Date Published: April 3, 2018
Publisher: BioMed Central
Author(s): Catherine Reed, Mark Belger, Grazia Dell’Agnello, Kristin Kahle-Wrobleski, Gopalan Sethuraman, Ann Hake, Joel Raskin, David Henley.
Comparison of disease progression between placebo-group patients from randomised controlled trials (RCTs) and real-world patients can aid in assessing the generalisability of RCT outcomes. This analysis compared outcomes between community-dwelling patients with mild Alzheimer’s disease (AD) dementia from two RCTs (pooled European (EU) data from EXPEDITION and EXPEDITION 2) and similar patients from the EU GERAS observational study.
Data from placebo-group patients with mild AD dementia from the RCTs (EU countries only) were compared with data from GERAS patients with mild AD dementia. Between-group differences for changes over 18 months were analysed for cognition, functioning, neuropsychiatric symptoms, health-related quality of life (HRQoL) and caregiver time using propensity score-adjusted models. A sensitivity analysis compared EU/North American (EU/NA) EXPEDITION patients with GERAS patients.
EU EXPEDITION patients (n = 168) were younger than GERAS patients (n = 566) (mean (standard deviation, SD) age 71.9 (7.4) versus 77.3 (6.9) years; p < 0.001) and were more likely to use AD treatment (95% versus 84%; p < 0.001). Cognitive performance was similar at baseline in both populations, although GERAS patients showed greater functional impairment (p = 0.005) and lower HRQoL (p < 0.05). At 18 months, no statistically significant differences between EXPEDITION (n = 133) and GERAS (n = 417) patients were observed for changes in cognitive, functional, neuropsychiatric and HRQoL outcomes. Least squares mean (95% confidence interval) change in caregiver time (hours/month) spent on instrumental activities of daily living (iADL; 29.22 (19.16, 39.27) versus 3.20 (−11.89, 18.28), p = 0.001) and supervision (66.59 (47.49, 85.69) versus 3.04 (−25.39, 31.48), p < 0.001) showed greater increases in GERAS than EXPEDITION. In the sensitivity analysis, changes in neuropsychiatric and HRQoL scores and caregiver time spent on basic ADL were also significantly greater in GERAS than in EU/NA EXPEDITION patients. Patients with mild AD dementia participating in the EU EXPEDITION RCTs and the GERAS observational study showed a similar decline in cognitive, functional and neuropsychiatric symptoms over 18 months, whereas changes in caregiver time measures were significantly greater in GERAS. Results indicate the importance of using similar regions when comparing real-world and RCT data. ClinicalTrials.gov NCT00905372 EXPEDITION. Registered 18 May 2009.

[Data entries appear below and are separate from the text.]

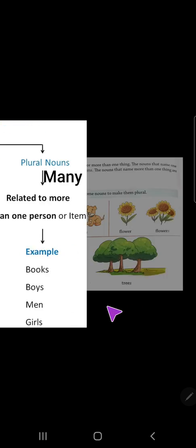A noun can name one thing or more than one thing. The nouns that name one thing are called singular nouns. The nouns that name more than one thing are called plural nouns. If there is a single item, we call it a singular noun; if there is more than one, we call it a plural noun.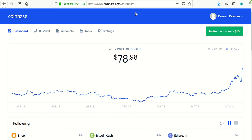Good evening YouTube. It's May 12th, 2019. I haven't been posting a ton because honestly there hasn't been a ton to post about, but I recently noticed that in an older Coinbase video of mine from about a year ago, there are a lot of people saying that they are not able to buy cryptocurrency in their Coinbase account using their US dollar wallet.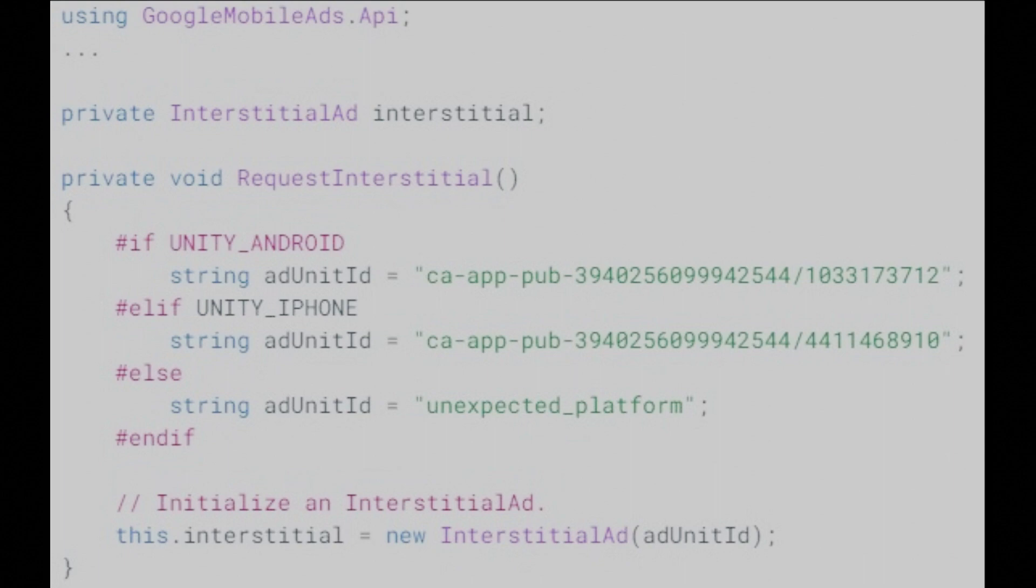You'll need to use an iOS ad unit for making ad requests on iOS and an Android ad unit for making requests on Android. The sample code here contains an ad unit ID and you're free to request ads with it. It's been specially configured to return test ads rather than production ads for every request, which makes it safe to use.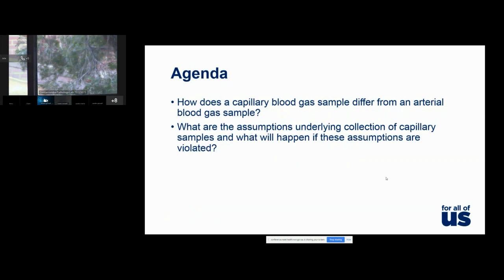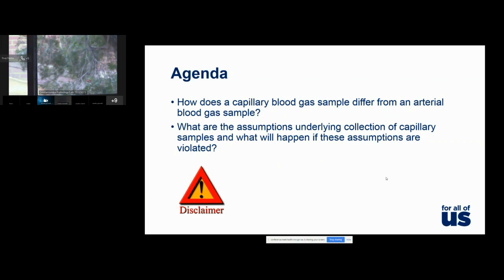Today we're looking at how capillary blood gas samples differ from arterial blood gas samples, and we'll examine the assumptions that underlie those collections and what happens when those assumptions are violated. I should make a disclaimer: although I have some expertise in the measurement of blood gases, I have no particular expertise in capillary blood gas sampling or interpretation.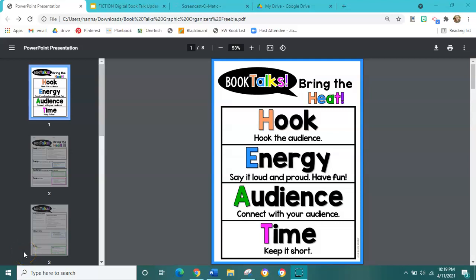The first thing I want to talk about when we're doing a book talk is bringing the heat. Heat is an acronym, and each letter stands for a different piece of a book talk. The first piece is the hook — this is where we hook the audience and make them excited to read our book and to listen to our book talk.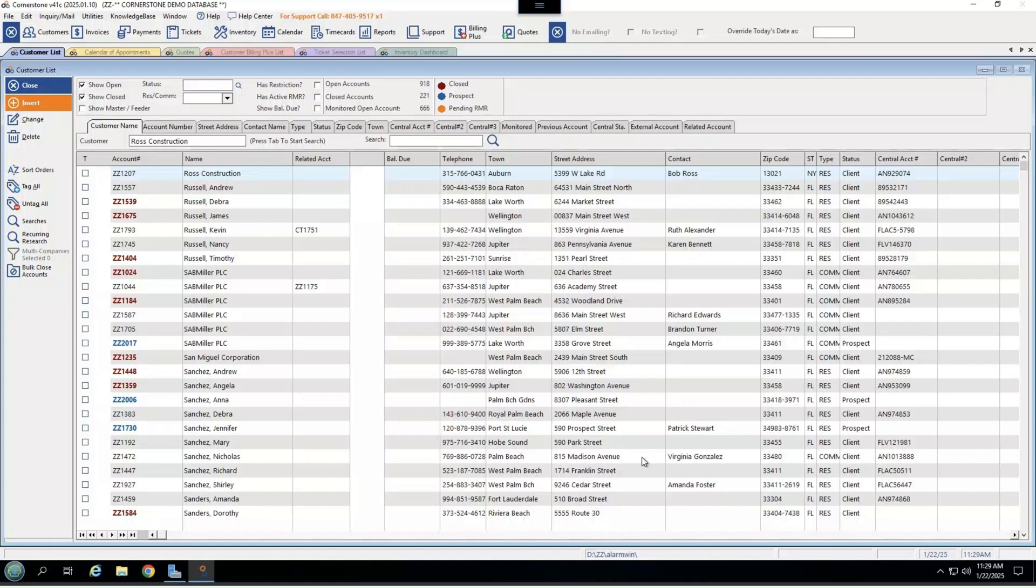Hi, this is Shea Tilton, Business Development Manager with Cornerstone, here to show you a software overview to give you an idea of how our lifecycle software works for alarm companies to make their lives easier.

Randomised controlled trials (RCTs) are the gold standard for assessing treatment efficacy  and are designed with internal validity as a priority. Although internal validity is important in a trial setting, RCTs are criticised for their lack of external validity or generalisability . The key issue with respect to this is that trial populations are recruited using extensive exclusion criteria, which aim to select a homogeneous population with few comorbidities; this does not always represent the more heterogeneous patient populations (potentially with many comorbidities) in clinical practice. There may also be differences between RCT protocols and routine practice (e.g. diagnostic methods, treatments used and timing of treatment) and the setting of the trial (e.g. country, healthcare system or primary versus secondary care), all of which can influence external validity .

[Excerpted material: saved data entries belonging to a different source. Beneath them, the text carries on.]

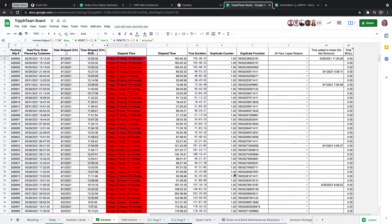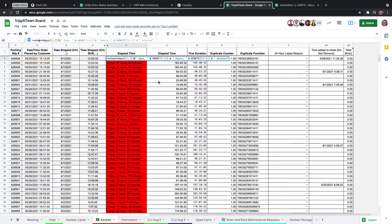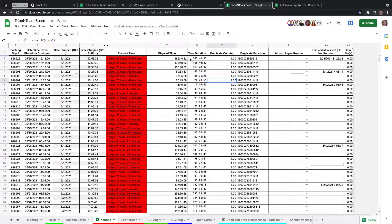I thought about that, and I realized I could actually go one step further. Google Sheets actually has a built-in function called NETWORKDAYS that'll automatically exclude weekends. So we don't need to do all this nonsense with a weekend lapse calculation.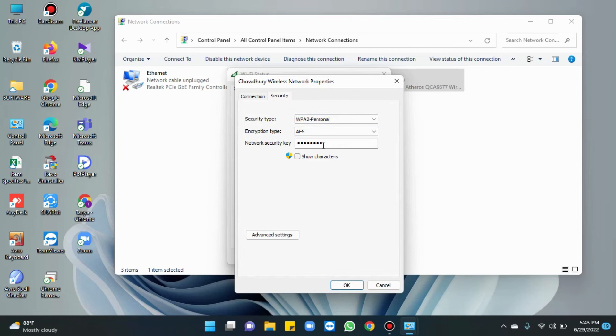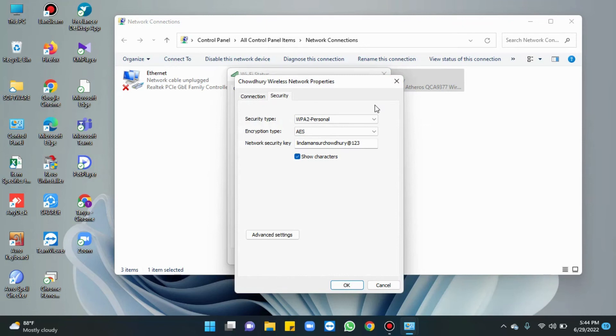If we want to disclose or know the wireless network password, then check show characters. The wireless network password has been found by us through these tips. If you want to hide the wireless password again, then uncheck the box show characters from the current window.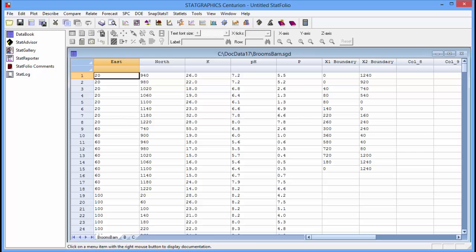I've loaded the data into the StatGraphics data sheet. Each row shows the measurements at a single location throughout the field.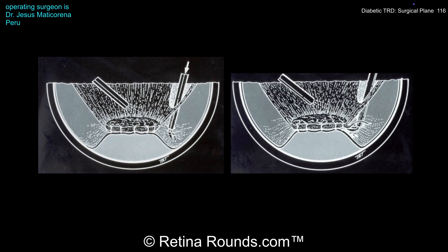For cases where the underlying retina is detached, bimanual dissection can be helpful due to the lack of underlying retinal countertraction. In this case, Dr. Maticarena was able to perform the dissection with one hand using the vitreous cutter, scissors, and forceps. He was able to avoid creating any iatrogenic retinal breaks not only due to his surgical skill but also by keeping his instruments in the correct surgical plane. Thanks to Dr. Maticarena for showing us this key surgical principle and for sharing this case.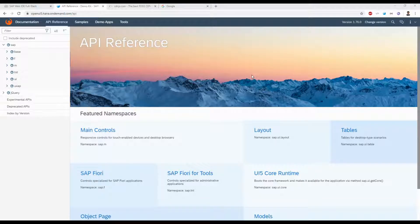Hello everyone, welcome to 30 Minutes Learning. Today we're going to see how to create a pie chart in OpenUI5 without creating any custom controller. In this section we're going to use Easy Pie Chart, a JavaScript library.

Our analysis showed similar results between RCT and real-world data for changes in cognitive, functional and neuropsychiatric symptoms over 18 months in patients with mild AD dementia, after controlling for baseline differences.
Using a propensity score matching approach, a similar decline in cognition and functioning was observed between results from RCT and observational study patients in the EU population. Our findings support that RCTs and observational studies can provide complementary data to assess longitudinal disease progression in patients with mild AD dementia. Confounding factors inherent within the different study designs and inclusion criteria mean that some findings require additional explanation; for example, the increase in caregiver time over 18 months in the GERAS study but not during the RCTs may have resulted from differences in the type of care received or baseline differences not accounted for in propensity matching. Use of similar geographic regions is important when comparing real-world and RCT data to ensure that differences between studies are not simply due to country-specific variations. Further opportunities to assess the comparability of real-world and RCT data will arise when data from additional countries in the GERAS study (USA and Japan) are available. These will help inform which parameters and outcomes are culturally/geographically dependent.